- Episode no.: Series 1 Episode 4
- Directed by: Geoff Posner
- Written by: Ben Elton, Rik Mayall and Lise Mayer
- Original air date: 30 November 1982

Guest appearance
- Dexys Midnight Runners

Episode chronology
| ← Previous "Boring" | Next → "Interesting" |

= Bomb (The Young Ones) =

"Bomb" is the fourth episode of British sitcom The Young Ones. It was written by Ben Elton, Rik Mayall and Lise Mayer, and directed by Paul Jackson. It was first aired on BBC2 on 30 November 1982. The episode notably satirises the then-current anxieties of a potential nuclear war, and features references to the Protect and Survive public information pamphlets.

==Plot==
The episode opens with footage of a US Air Force B-1 Lancer bomber dropping a payload, revealed to be a huge red atom bomb that lands in the quartet's house but doesn't detonate. Neil fails to notice the real reason for an enormous hole in the ceiling when he gets out of bed to make the breakfast, assuming that one of his flatmates had put it there somehow. Eventually Vyvyan points out that the atom bomb is perched against the refrigerator, which he noticed when he couldn't get the milk out of it earlier. The initial panic is diverted by the arrival of a sadistic television licence officer who wants blood, but soon the quartet returns to the emergency at hand.

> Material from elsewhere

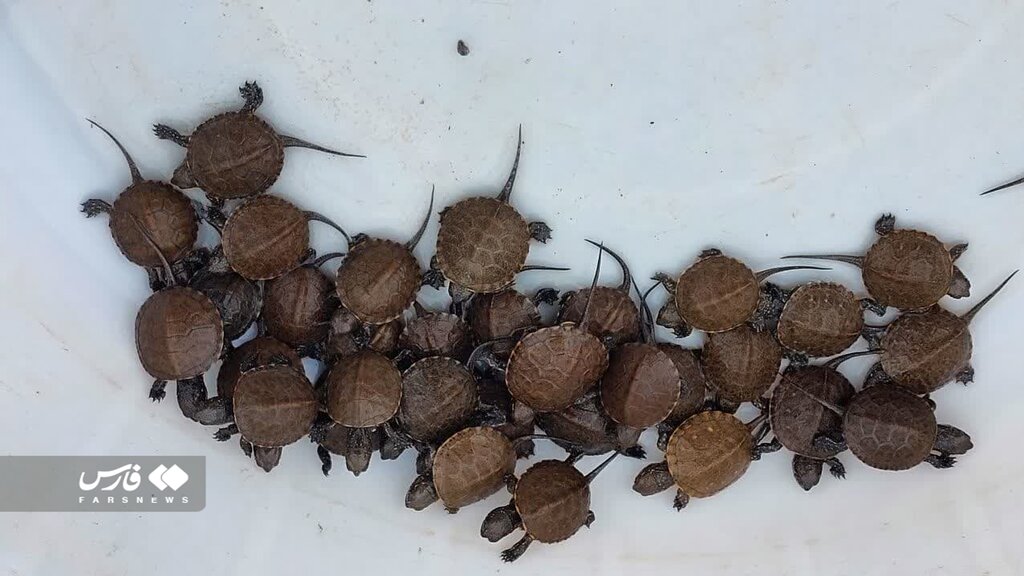 تصاویر | عجیب اما واقعی؛ تزئین سفره با چند موجود باورنکردنی!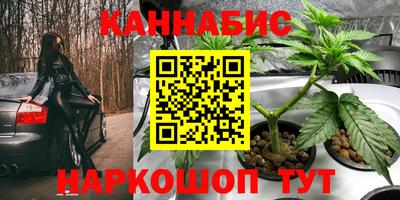 прущие грибы Сланцы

Mike tries negotiating with Libya and other nations and organizations to make a profit out of the bomb, while Rick uses the bomb in an attempt to make threats to the British government (his efforts at sending a threatening telegram through the Post Office fail when he mistakenly walks into the DHSS after trying to call Margaret Thatcher on the telephone at home; he erroneously believes she has 400 different phone numbers in the telephone directory. However, Mike is using the phone, so Rick goes to the telephone box to find that a group of insane elderly women are destroying it). Neil, ever the pragmatist, sets out his personal survival plan: "I'm going to consult the incredibly helpful Protect and Survive manual!", and Vyvyan tries to speed up the detonation procedure. The final tick of the clock prior to the "explosion" proves to be a little disappointing, with the bomb hatching like an egg and a small aeroplane bursting out of it, flying out of the room, and circling outside the house (thus implying the bomb was merely an "egg" of the bomber).

==Characters==
As with all episodes of The Young Ones, the main four characters were student housemates Mike (Christopher Ryan), Vyvyan (Adrian Edmondson), Rick (Rik Mayall) and Neil (Nigel Planer). Mayall and Planer also appear as two wisecracking golfers who sing before a studio audience. Alexei Sayle starred as Reggie Balowski, a wisecracking used car dealer and son of the students' landlord, Jerzei. Roger Sloman appeared as the television license officer named "Right Bleedin' Bastard."